Encryption-at-rest, on most services, applies to the currently-live copy on the currently-managed disks. Backups may or may not use the same keys. CDN edge caches may store decrypted content briefly. Staging and dev environments may have snapshots with weaker encryption. “Encrypted at rest” is a statement about one or a few of the copies, not about the whole population.
”The recipient deleted it after reading”
They deleted it from their main view. Their device’s trash retains it until emptied. Their backup has it. Their email archive has it. Their phone’s photo roll, if they screenshotted a page, has it and is probably syncing to iCloud or Google Photos right now. Their messaging app’s media storage has it. The “ephemeral” property of most messaging apps is a promise about the sender’s and service’s copies, not about the recipient’s surviving copies.
What to do with the copy problem
Accepting the copy problem does not mean giving up.
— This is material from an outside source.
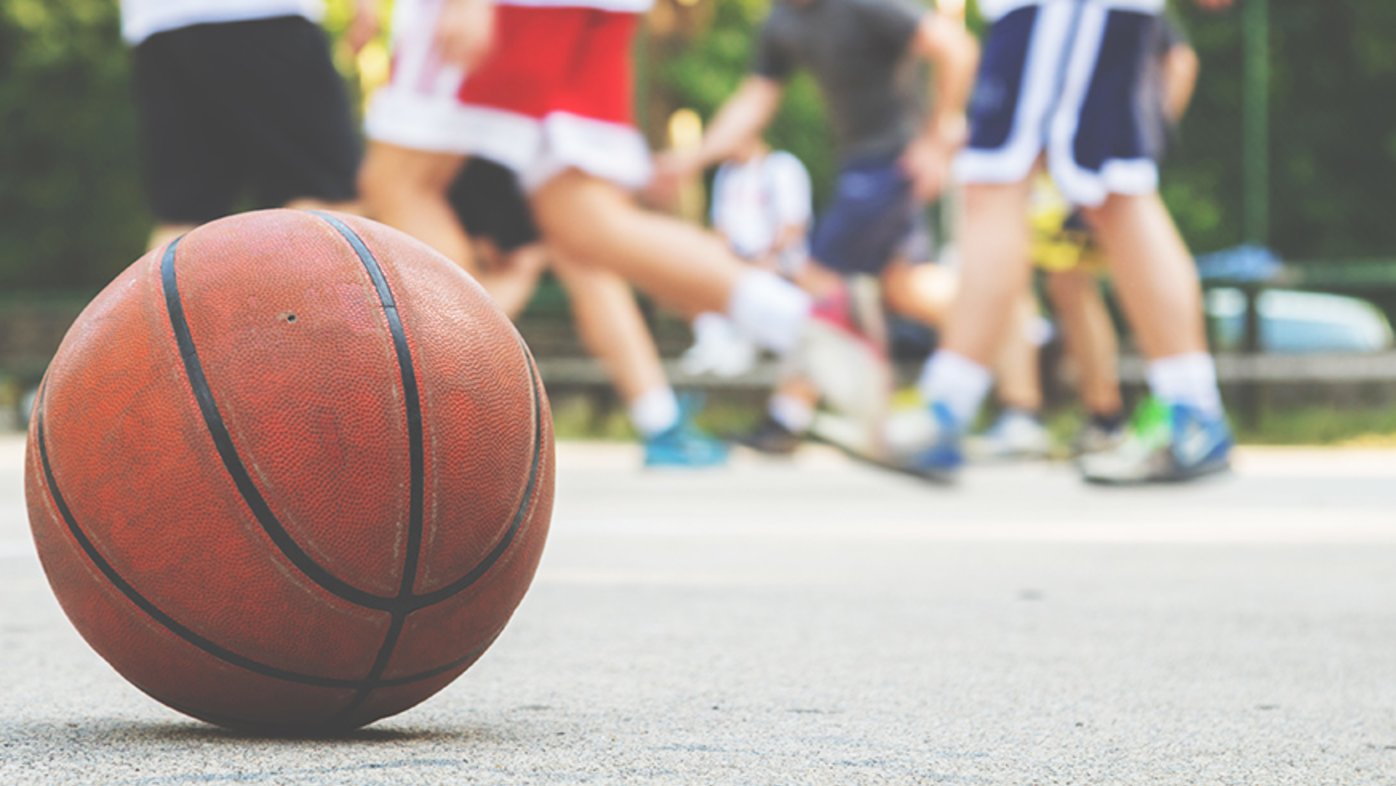 4 tips to prevent basketball injuries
It means that effective security practice is a different shape than the one most people imagine.
Reason about populations, not objects. Before sharing or deleting, list the copies that would be created or would need to be destroyed. You will often find that the operation you thought was simple is actually several operations, some of which you have no control over.
Minimize where possible. Every time a file moves from one system to another, the copy count grows and your control shrinks. The most effective confidentiality practice is not “protecting copies better”; it is “creating fewer copies in the first place”. Use client-side encryption so the copies that are created are ciphertext, not plaintext.
Choose platforms with managed access, when it matters. For the narrow subset of documents where “anyone who ever had a copy” is an unacceptable set, use a platform where the document is never actually delivered — it is viewed through a permissioned reader (Purview, Vanta, specific client portals). These limit recipient-side copy propagation. They don’t eliminate it (screenshots exist), but they shrink it.
Design your retention on purpose. For the documents you do control, pick explicit retention rules. When do version histories prune? When are backups rotated out? When does the sync service fully delete trashed items? These answers are different per provider and worth knowing, especially for personal information and regulated data.
Remember the endpoints. A document’s population on your systems is something you can manage. The recipient’s population is not. When sending sensitive information, the threat model should assume it will persist, somewhere, indefinitely.
A mental shift worth making
Most security advice is written as if you were guarding a single object. The useful shift is to see every file as a cloud — a set of copies that spawn, replicate, and decay across systems you do and don’t control. Security is the discipline of knowing where that cloud extends, shrinking it where you can, and accepting where you can’t.
It’s a less satisfying story than “lock up your valuables”. It’s also the one that matches how digital documents actually work, and the one that leads to plans that survive contact with reality.